Records shown section start

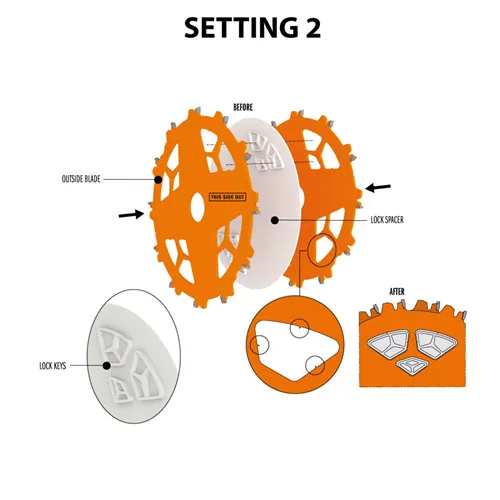 CMT hornyolótárcsa készlet DADO PRO - D203x6,2-20 d15,87 Z12 HW (Használt)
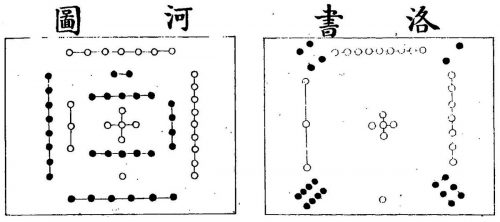 Числовые схемы "Хэ-ту" и "Ло-шу"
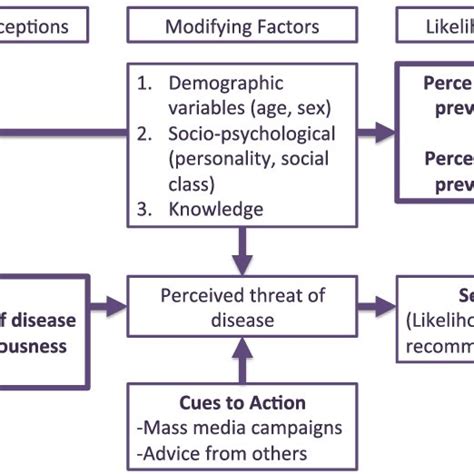 Qualitative Study Conceptual Framework Hot Sex Picture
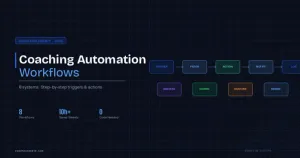 Coaching business automation guide — connected workflow nodes diagram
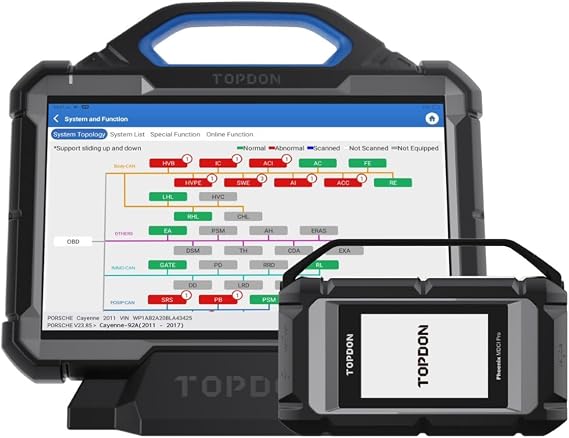 TOPDON USA - 13.3 OE-Level SCAN Tool Docking Station Cloud-B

Records shown section end

Requirement - The records above need retyping in full. Omit the pictures, and change nothing else.

Task response -
 CMT hornyolótárcsa készlet DADO PRO - D203x6,2-20 d15,87 Z12 HW (Használt)
 Числовые схемы "Хэ-ту" и "Ло-шу"
 Qualitative Study Conceptual Framework Hot Sex Picture
 Coaching business automation guide — connected workflow nodes diagram
 TOPDON USA - 13.3 OE-Level SCAN Tool Docking Station Cloud-B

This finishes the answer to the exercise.